Timing matters less than context, but it matters. Three small rules:

  • Send within ~72 hours of the trigger you reference (post, role change, event). Past that, the freshness premium fades.
  • Avoid Friday afternoon and Monday before 10am sends — they get buried.
  • Spread requests across the week — bulk sends from the same account on the same day pattern-match as automation.

For broader timing analysis, see the outreach benchmarks guide.

Why acceptance rate compounds into everything else

Move acceptance from 25% to 45% on the same list size and your top-of-funnel doubles — without sending any more requests. Reply rates on the follow-up messages also rise, because the accepted population is by definition more interested. And LinkedIn's algorithm penalizes accounts with low acceptance rates, raising the bar to send more requests later.

Acceptance rate is the single highest-leverage metric in LinkedIn outreach. Fix the request copy first; everything downstream gets cheaper. The full diagnostic if yours is stuck is in the acceptance-rate diagnostic playbook.

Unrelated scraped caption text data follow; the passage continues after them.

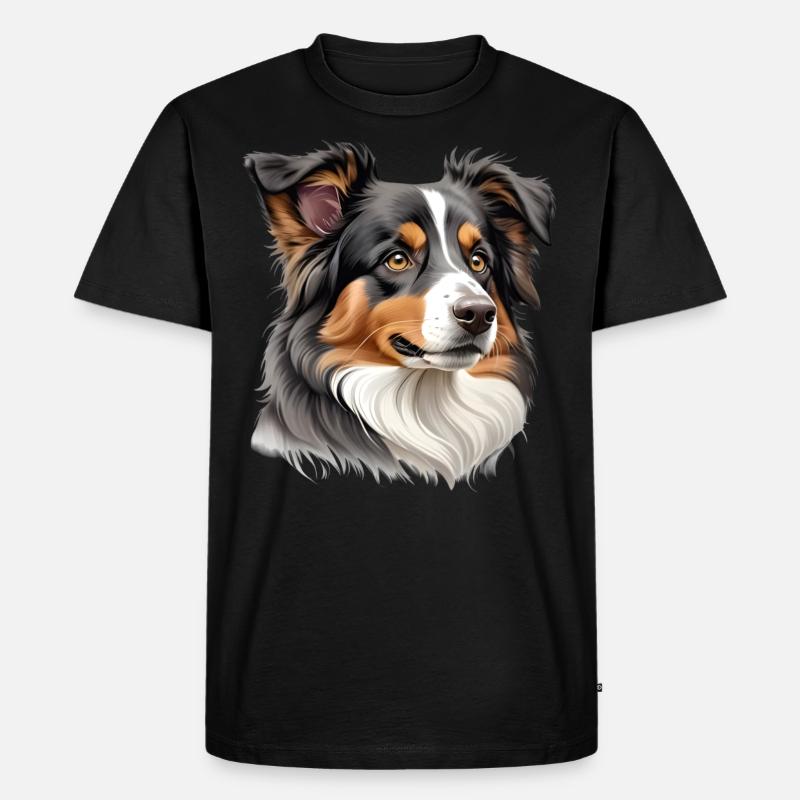 Australian Shepherd Kopf - Männer Premium Bio T-Shirt - Schwarz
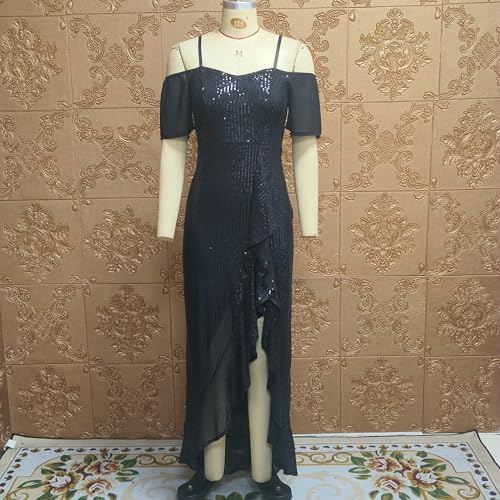 Image of dasmzper Women Sexy Off Shoulder Bodycon Ruffle Split Hem Maxi Cocktail Party Evvening Night Out Dress Black
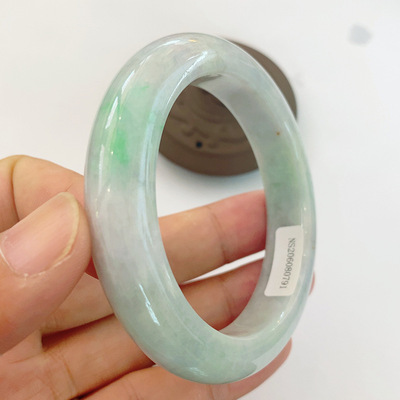 Emerald pit Ice waxy kind Ziyang Three-color characteristic Jade bracelet wholesale testing certificate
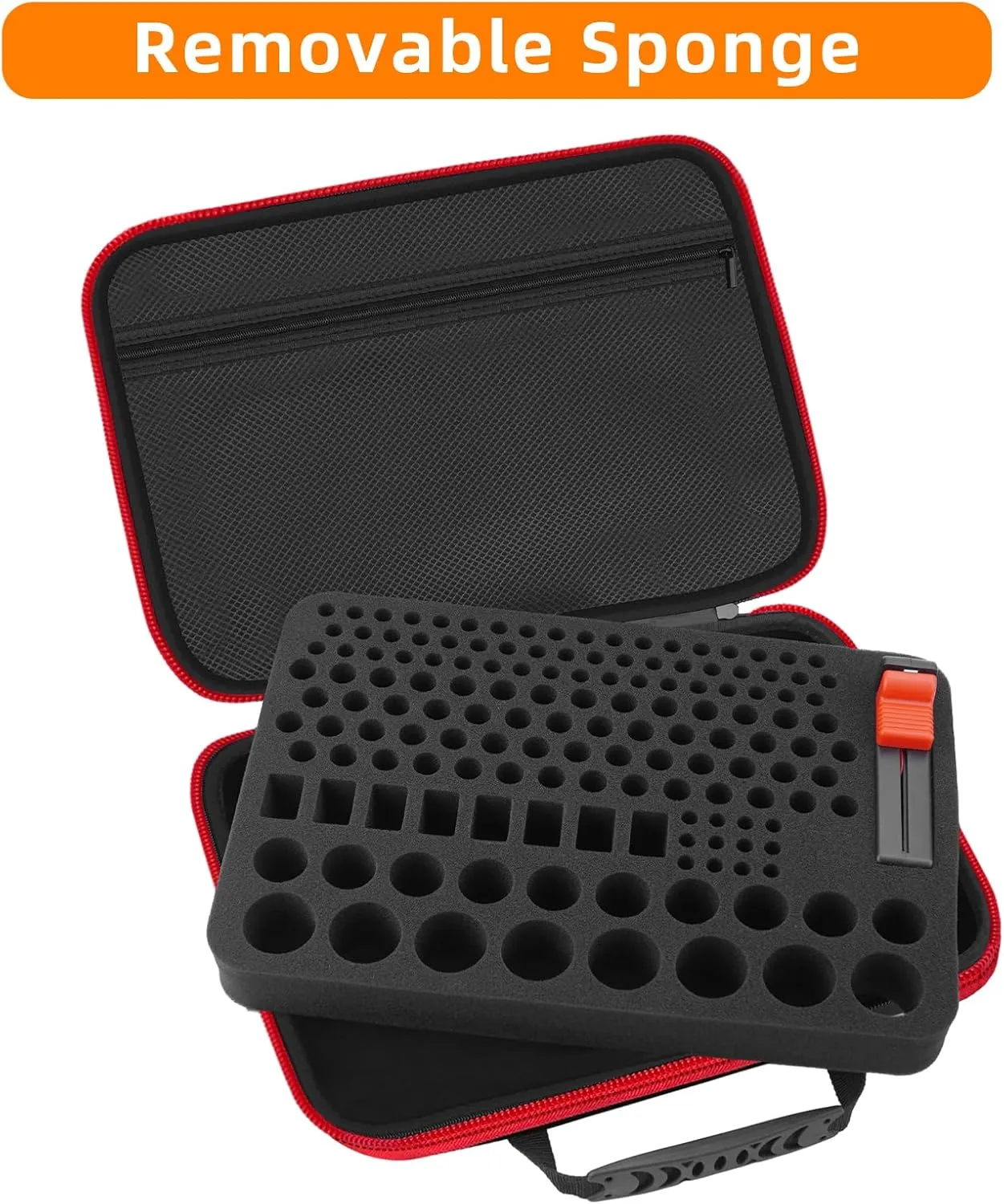 Battery Organizer Storage Case, Large Waterproof Carrying Bag Containers Box Holder Holds 210  Batteries AA AAA C D 9V 3V - with Battery Tester BT-168, Black&Red (Case Only)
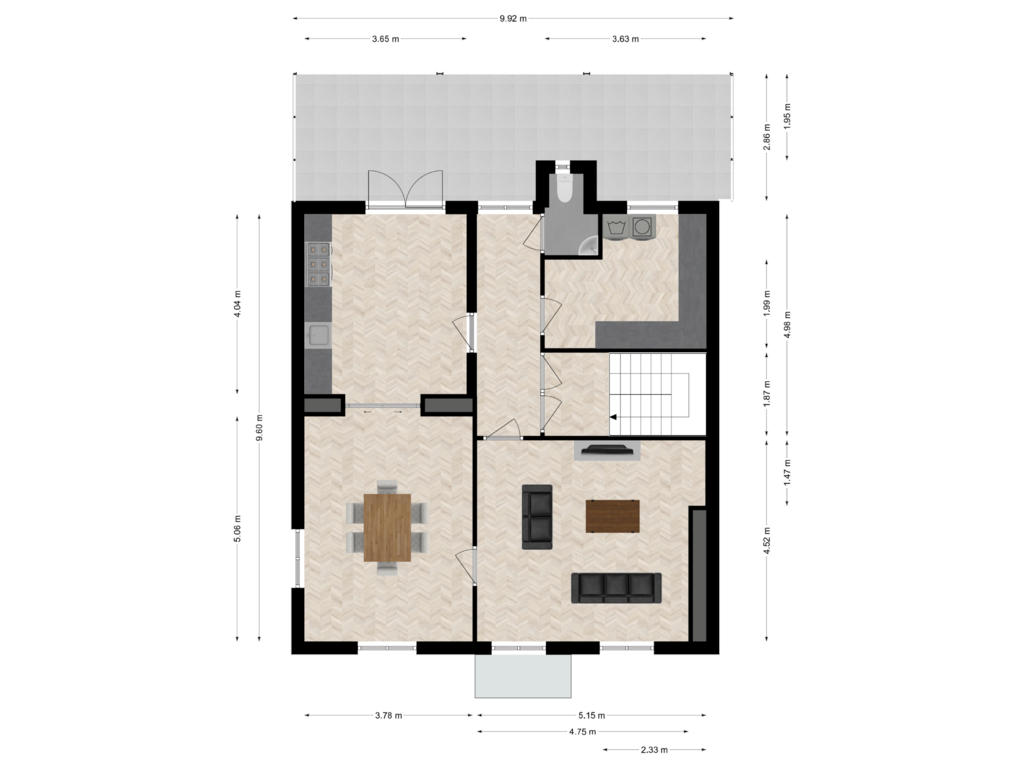 Bekijk plattegrond van Eerste verdieping van Vierakkerstraat 15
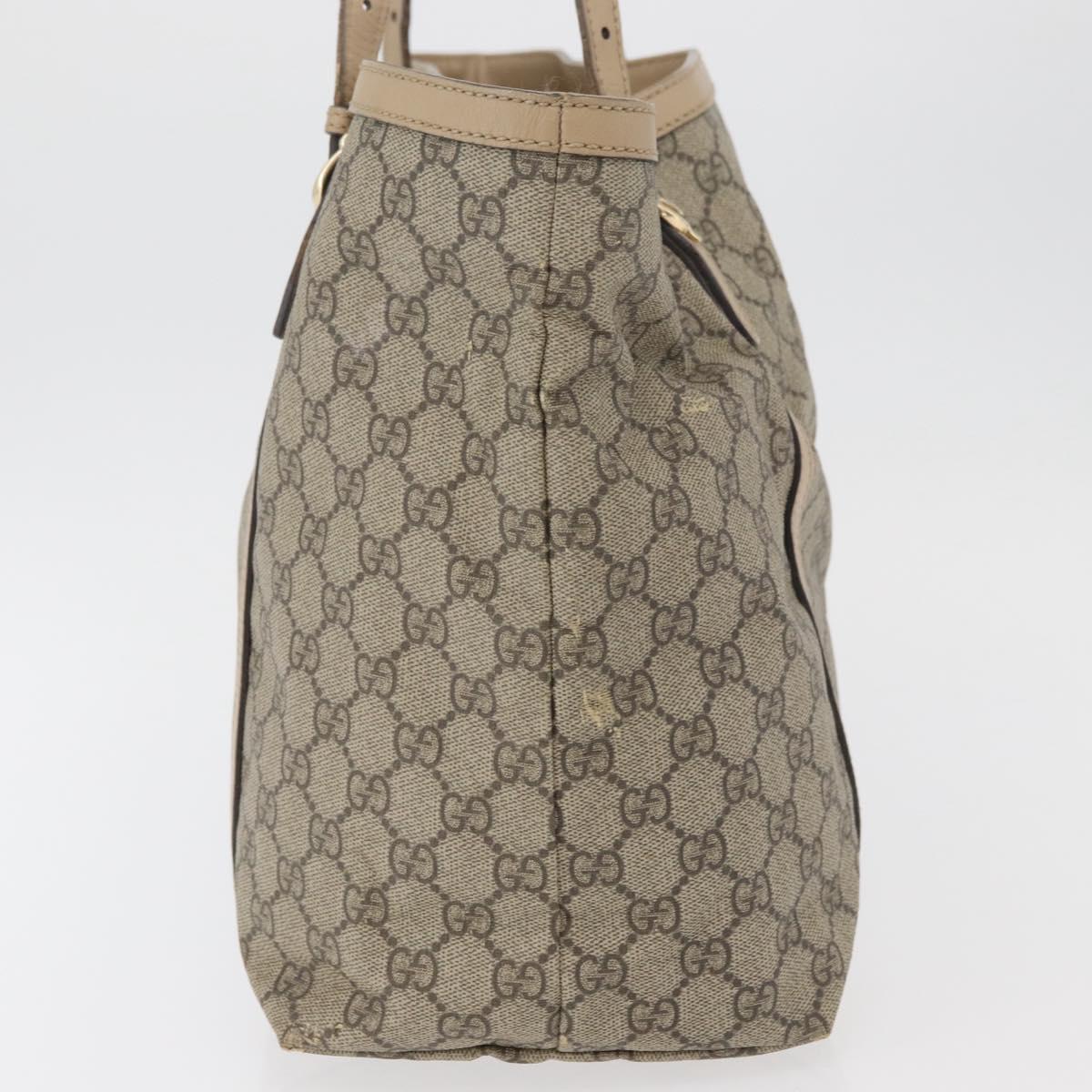 GUCCI GG Supreme Tote Bag PVC Beige Gold 309613 Auth ka4230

Frequently asked questions

Frequently Asked Questions

Should I always include a note with a LinkedIn connection request?
No. Send a note only if you can write something defensibly specific in ~200 characters. A bad note hurts acceptance more than no note. Senior connections often accept based on profile, not note.
What is a good LinkedIn connection request acceptance rate?
For cold outreach, 25–35% is average, 40%+ is good, 50%+ is excellent. Targeted-ICP cold lists with specific notes routinely break 45%.
How many connection requests can I safely send per day?
Most accounts safely handle 80–100 new connection requests per day. Past that, LinkedIn rate-limits and eventually flags. Aged accounts handle the upper range better; new accounts should start at 20–40/day and ramp.
Does the connection request limit per week still exist?
Yes — LinkedIn enforces a soft weekly cap (commonly cited around 100–200/week) that varies by account age, history, and acceptance rate. High acceptance rates raise the ceiling; low ones lower it.